Homeland Security said law enforcement officials could not log on to the database that tracked border crossings before the Sept. 11, 2001, terrorist attacks, a system then run by the former Immigration and Naturalization Service.

"In the case of Mr. Khalifi -- and others who went into overstay status in the late '90s and early 2000 -- the information repository, which reflected that they were potentially overstays, was TECS, the Treasury Enforcement Communications System," Cohen said, during a House Homeland Security Committee subcommittee hearing. "However, most local police departments during that time didn't have access to TECS."

He added, "unless they had some reason to believe an individual detained for some other offense was in fact an immigration violator, it would be rare that they would call INS and ask them to do a TECS check."

Under the forthcoming plan, authorities will be able to instantly pull up an offender's or nonoffender's immigration records and biometric markers, he said. The government already is able to vet visitor records from multiple databases for national security and public safety threats, Cohen added.

"So, today, if someone is arrested for any type of offense, part of the query that will take place will be an automatic check of immigrations systems -- it will be a check of TECS as well," he said. "The chances are greatly enhanced that today if somebody were to be booked on a minor drug offense or a serious traffic violation even, the person's immigration status would come to our attention."

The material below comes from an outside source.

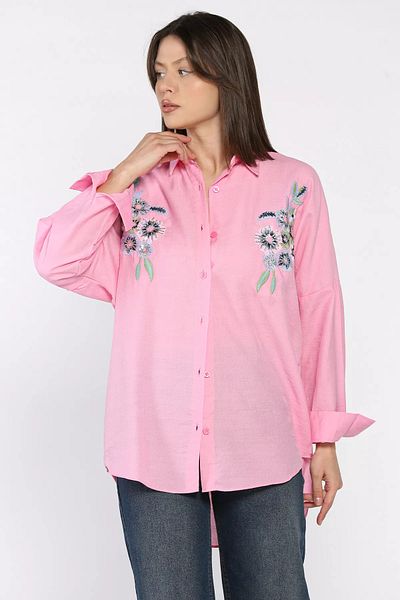 GÜLSELİ Cămașă casual brodata cu paiete brodate cu flori pentru femei roz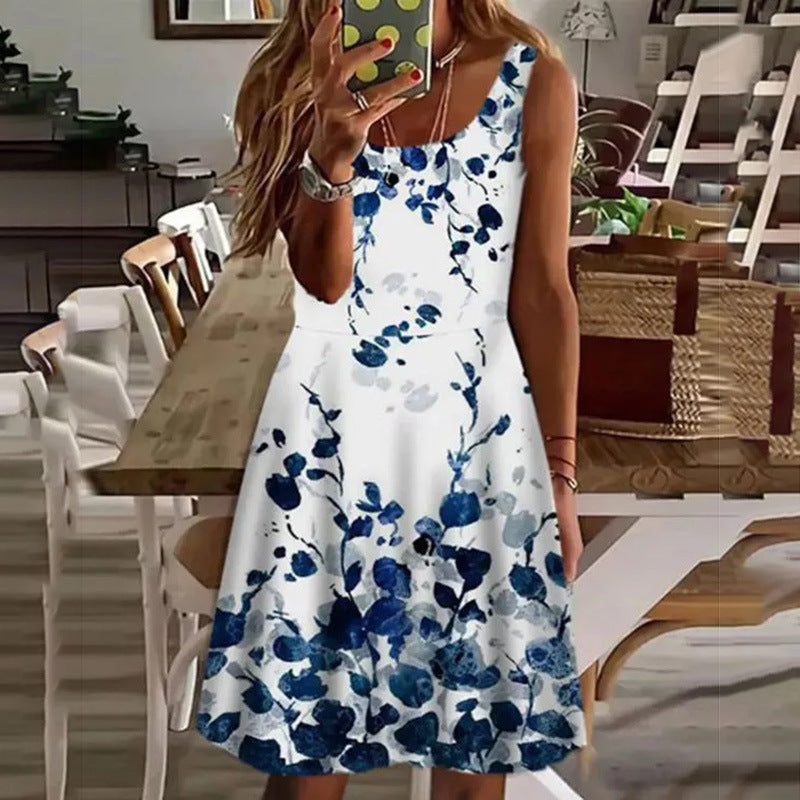 Women's Summer Dress Sleeveless Printed Fashion Wear Dresses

Seth Stodder, a former DHS Customs and Border Protection director, said in an interview that the move toward biometric verification could stop terrorist plotters from faking their exits. For example, a visa holder would not be able to have a conspirator fly out of the country using his identification papers.

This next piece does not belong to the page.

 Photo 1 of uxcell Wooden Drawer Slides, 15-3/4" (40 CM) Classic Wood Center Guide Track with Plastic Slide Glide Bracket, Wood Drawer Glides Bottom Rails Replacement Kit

"It means we can have a better sense of tracking who leaves the country," Stodder said. "You would have to be actually Mohamed Atta leaving the country," he added, referring to the Sept. 11 hijacker, who himself was a visa overstay.

Stodder noted, however, that DHS does not have enough staff to deal with the estimated 11 million illegal entrants let alone visa overstays. Between 2009 and 2011, 37,000 criminal and noncriminal overstays were removed from the United States, DHS officials said Tuesday.

A biometric exit system "eliminates the identity fraud risk," said Stodder, now a senior fellow at The George Washington University's Homeland Security Policy Institute. "It's an important thing to do. But it doesn't solve the overstay problem."